A geologist and an ecologist have joined forces to research the history of mass extinctions on Earth, and they've come to a conclusion: Most or all of the mass extinctions of the last 260 million years were caused by comet and asteroid showers.

For years, scientists have studied impact craters in the Earth that were likely caused by comets and asteroids, but have not been able to conclusively say that they were the definitive cause of mass extinctions, like that of the dinosaurs.

But in the new paper written by Michael Rampino, a New York University geologist, and Ken Caldeira, an ecologist for the Carnegie Institution, the experts unveil new findings that date the craters to the same time as the five major mass extinctions. They also found that six of the biggest craters are all correlated with periods of heavy comet and asteroid activity.

"The correlation between the formation of these impacts and extinction events over the past 260 million years is striking and suggests a cause-and-effect relationship," said Rampino, in a press release.

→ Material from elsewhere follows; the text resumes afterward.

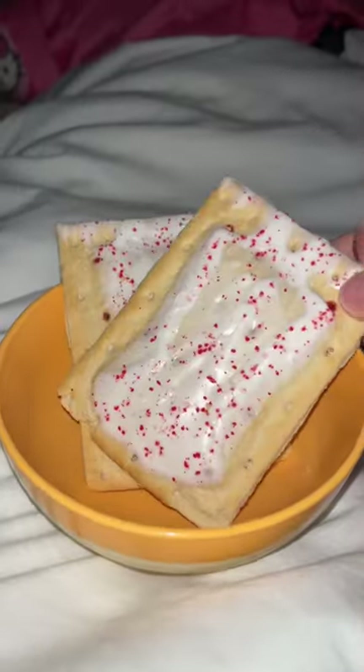I got really hungry late at night, so I had two pop tarts. And that's everything I ate!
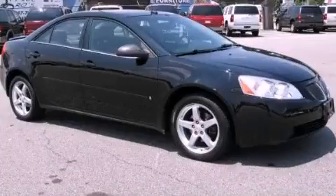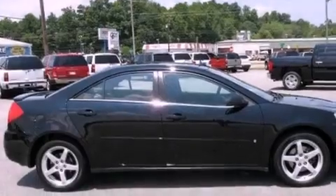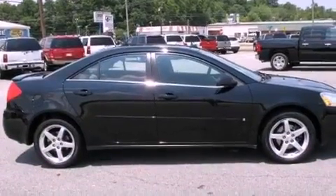This is a 2008 HONIAC G6. It has a 3.5-liter six-cylinder engine and a four-speed automatic transmission.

In the past, age estimates for these impacts were general, so comparisons with mass extinctions were tenuous at best. But newly available data allowed the scientists to run better and more exact time analyses, leading them to believe comets and asteroids struck Earth each time one of the mass extinction events is known to have happened. That would be quite a coincidence, if the objects didn't cause the extinctions.

One of the most famous craters on Earth, the Chicxulub impact structure in the Yucatan, which is about 112 miles across, was analyzed for the study. It was found to be about 65 million years old, which every Spielberg fan knows is the era of the death of the dinosaurs and their contemporaries.

Just 30 years ago, the findings would have been controversial at best, and laughed at, at worst. But as data mounts, the case for collision grows.

Rampino and Caldeira published their findings in the Monthly Notices of the Royal Astronomical Society.